Please retype the records below exactly, leaving out any pictures.
▽
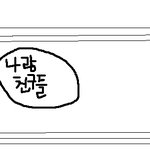 3월9일5시쯤지하철4호선명동역근처에서소매치기잡은훈남찾아여!!!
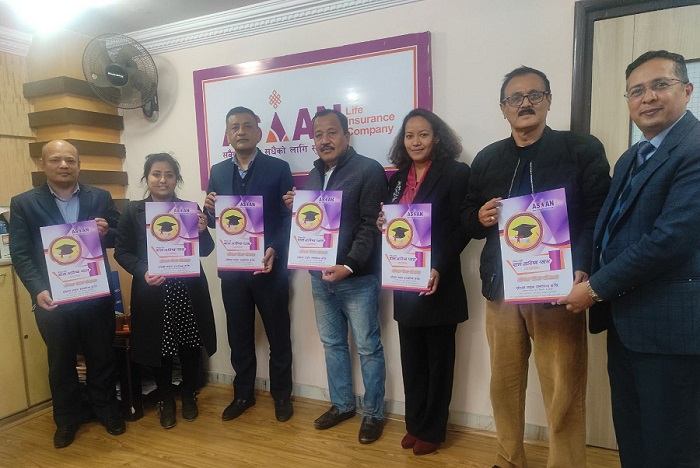 एशियन लाईफ इन्स्योरेन्सकाे बाल भविष्य प्लस सावधिक जीवन बीमा योजना सार्वजनिक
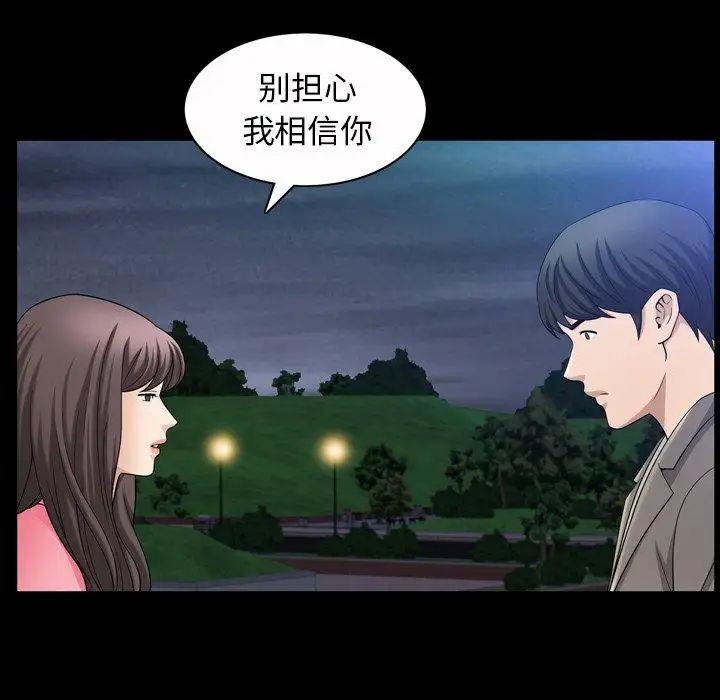 善良的她第40话-最终话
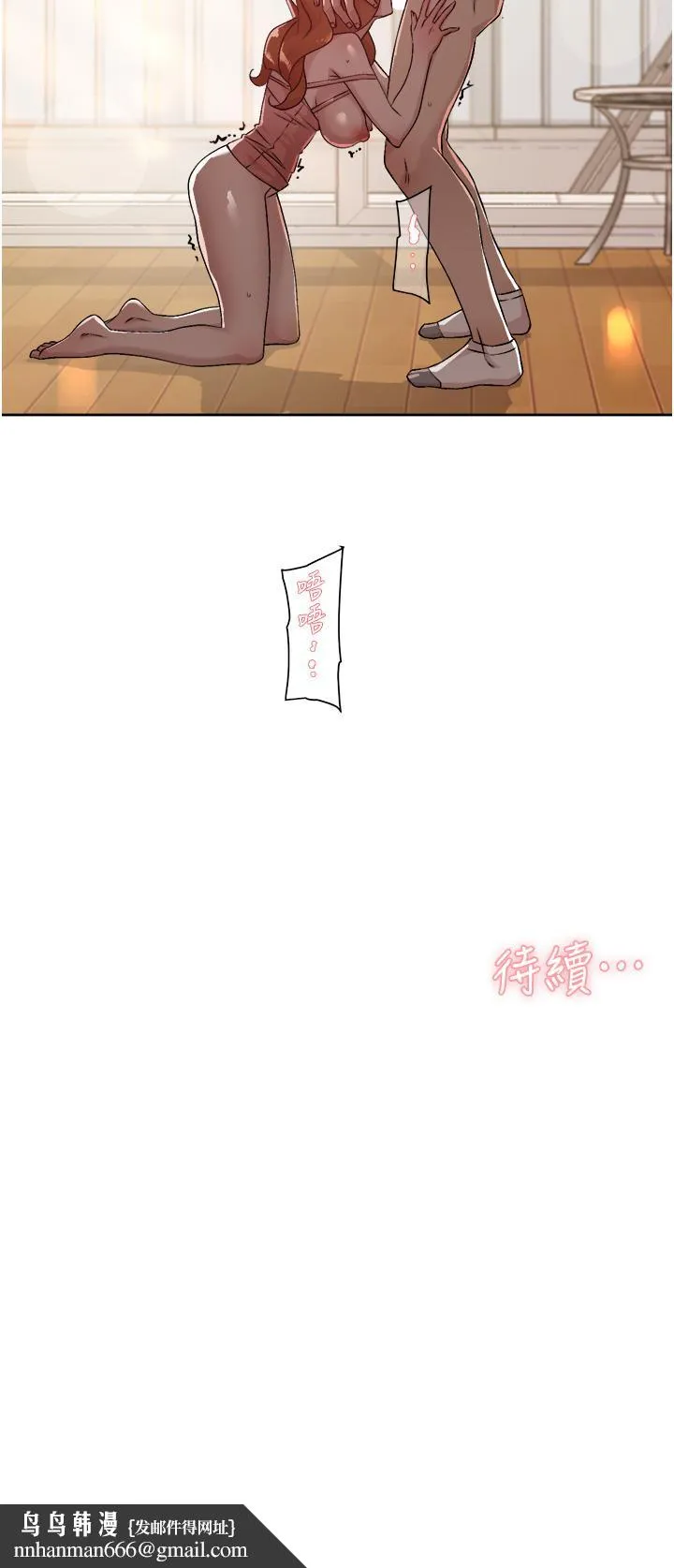 好友的私生活 第41话-被带领的快感 第32页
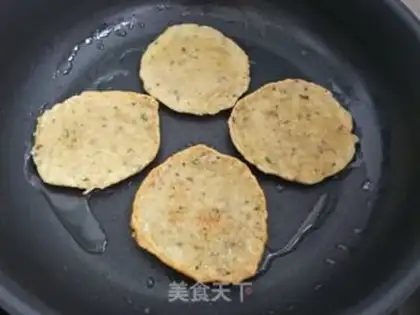 Make Mushroom beef cake step 5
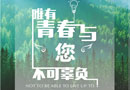 2019.3.15-18|定制家居+門業(yè)雙核大展，邀您看秀！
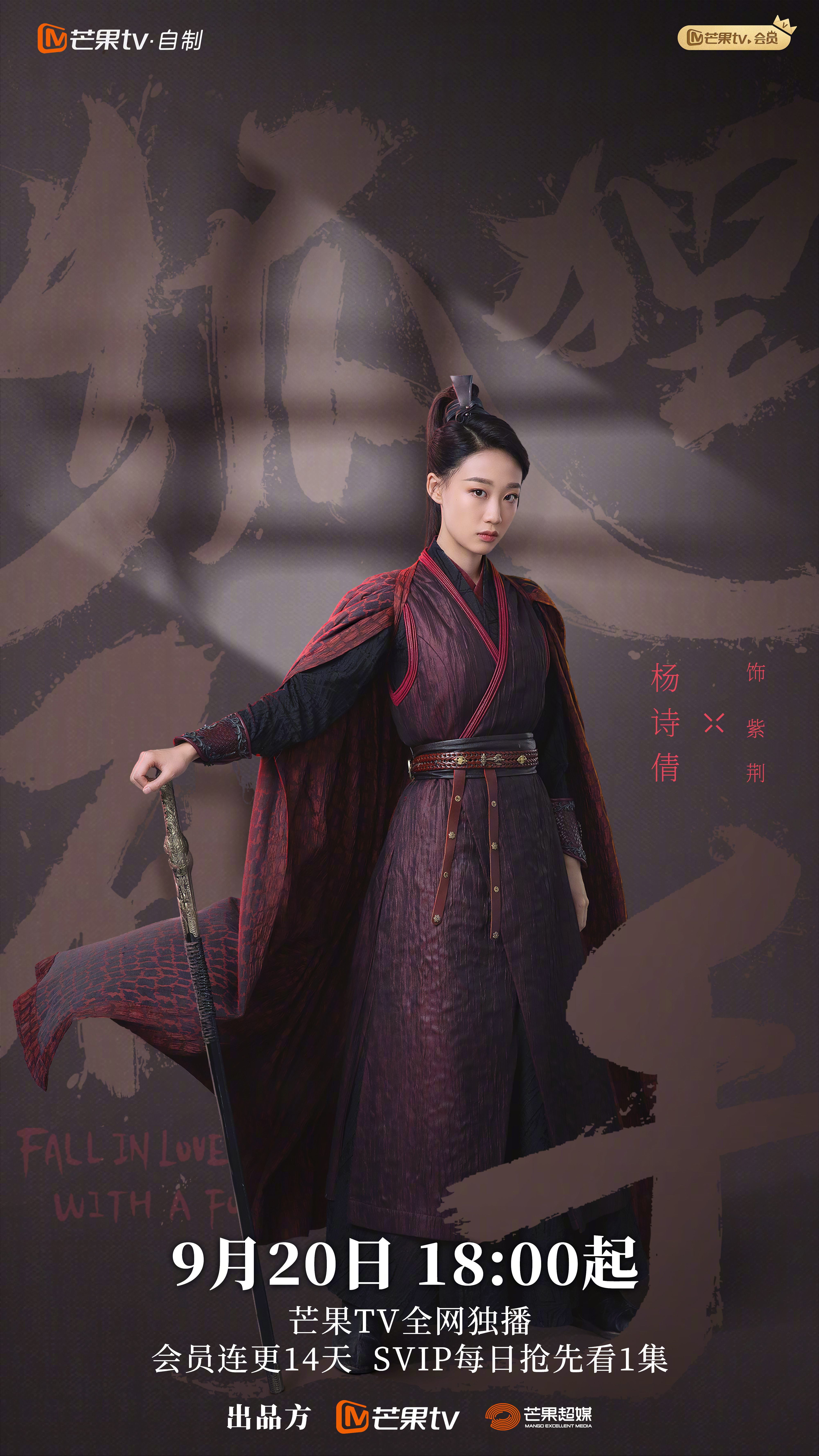 狐狸在手的海报-角色海报 中国大陆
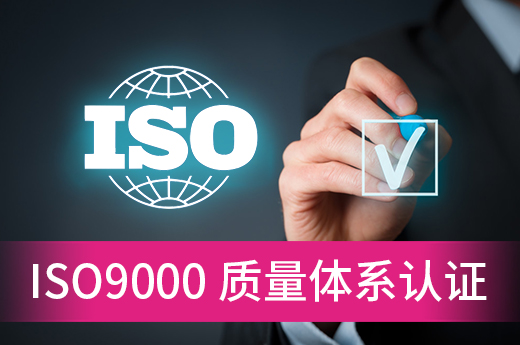 咕咕狗带你快速了解，ISO9000质量体系认证所需材料和流程|咕咕狗知识产权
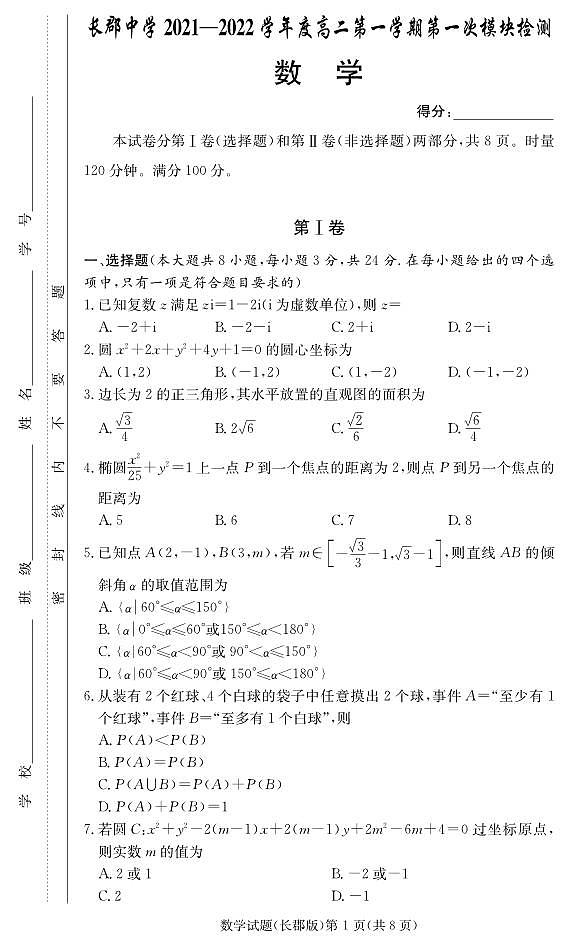 2021-2022长郡高二第1次月考数学试卷第1页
△
Result for this exercise:
 3월9일5시쯤지하철4호선명동역근처에서소매치기잡은훈남찾아여!!!
 एशियन लाईफ इन्स्योरेन्सकाे बाल भविष्य प्लस सावधिक जीवन बीमा योजना सार्वजनिक
 善良的她第40话-最终话
 好友的私生活 第41话-被带领的快感 第32页
 Make Mushroom beef cake step 5
 2019.3.15-18|定制家居+門業(yè)雙核大展，邀您看秀！
 狐狸在手的海报-角色海报 中国大陆
 咕咕狗带你快速了解，ISO9000质量体系认证所需材料和流程|咕咕狗知识产权
 2021-2022长郡高二第1次月考数学试卷第1页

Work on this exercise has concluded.